MINI One D | Part Four

Diesel Is Not A Dirty Word

Second-generation common rail diesel technology incorporates intelligent-computer controlled fuel injection, feeding fuel at exactly the right time and under extremely high pressure directly into the combustion chambers. Serving as a pressure reservoir, the common rail supplies fuel to the injection jets, a high performance pump which makes sure that the fuel in the pressure reservoir remains under high pressure at up to 1600 bar (first generation was only 1,350 bar). This high pressure serves to atomise the fuel into extremely fine particles, ensuring a clean combustion process free of any residues.

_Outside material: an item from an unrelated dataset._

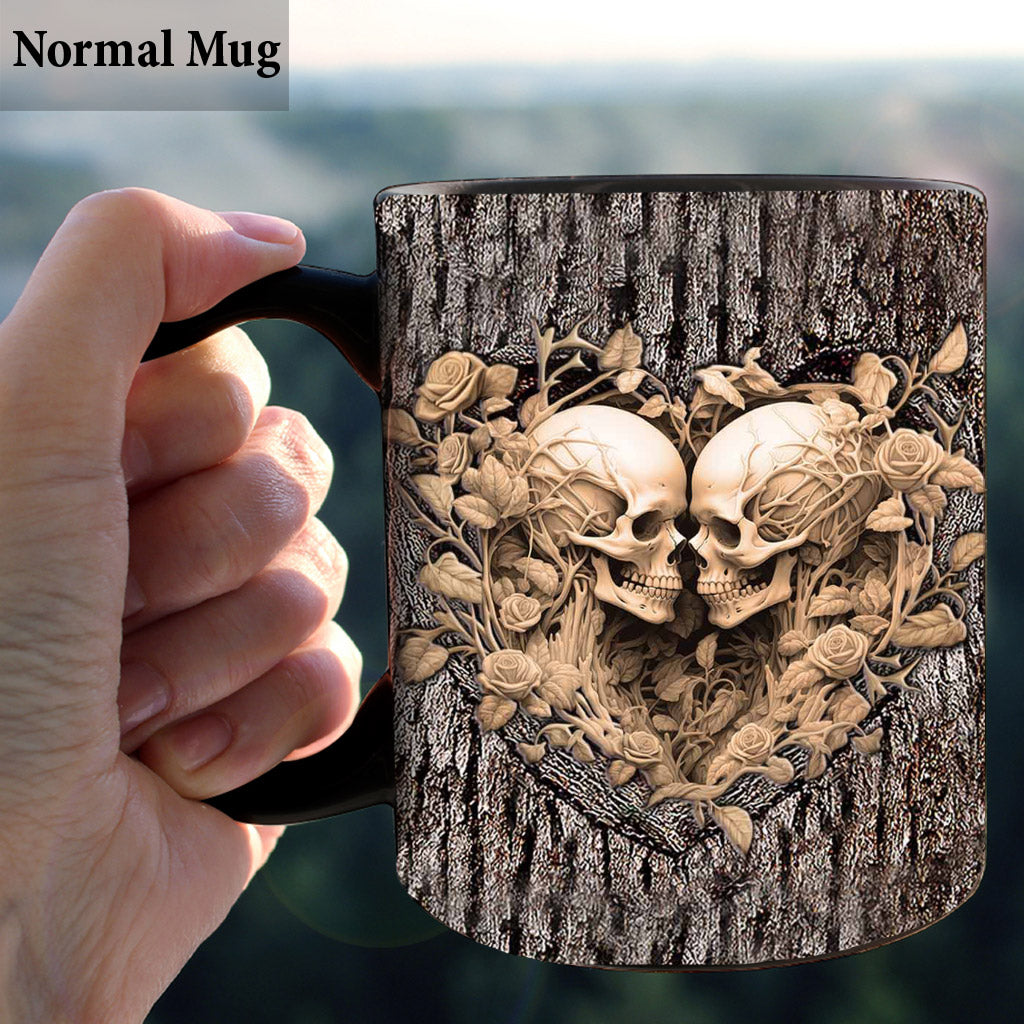 Jusqu'à ce que la mort nous sépare - Mug personnalisé pour couple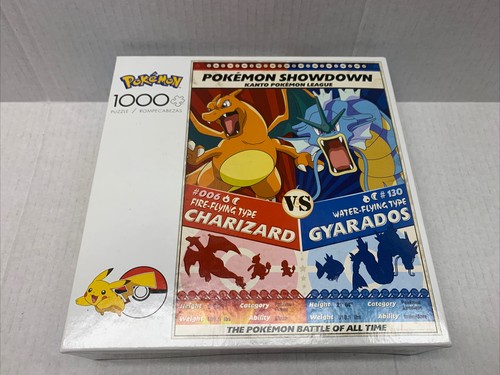Pokemon Buffalo Games Pokemon Showdown 1000 Piece Puzzle Charizard Gyrados New - Picture 10 of 12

Electronic engine management controls the timing and duration of both the pilot and main injection process. With the pilot injection feeding a small amount of fuel into the combustion chambers prior to the main injection, the fuel/air mix burns more smoothly than with a conventional diesel engine. The smoother rise of pressure in the combustion chambers helps to keep the combustion process noise down to a minimum and also sees a reduction in emissions.

As a result of this advanced technology and the oxidation catalytic converter, the MINI One D outperforms the EU 3 emission standard. The MINI One D is also capable of running in sulphur-free fuel enabling further reduction of soot particle formation.

Under Pressure

The turbocharger in the MINI One D has been selected to provide the very best in power and life of service.

Compression of fresh air drawn into the engine increases output significantly: the higher the pressure at which the fresh air is compressed in the cylinders, the higher the output developed by the engine and the thermal and mechanical loads acting on the drive system.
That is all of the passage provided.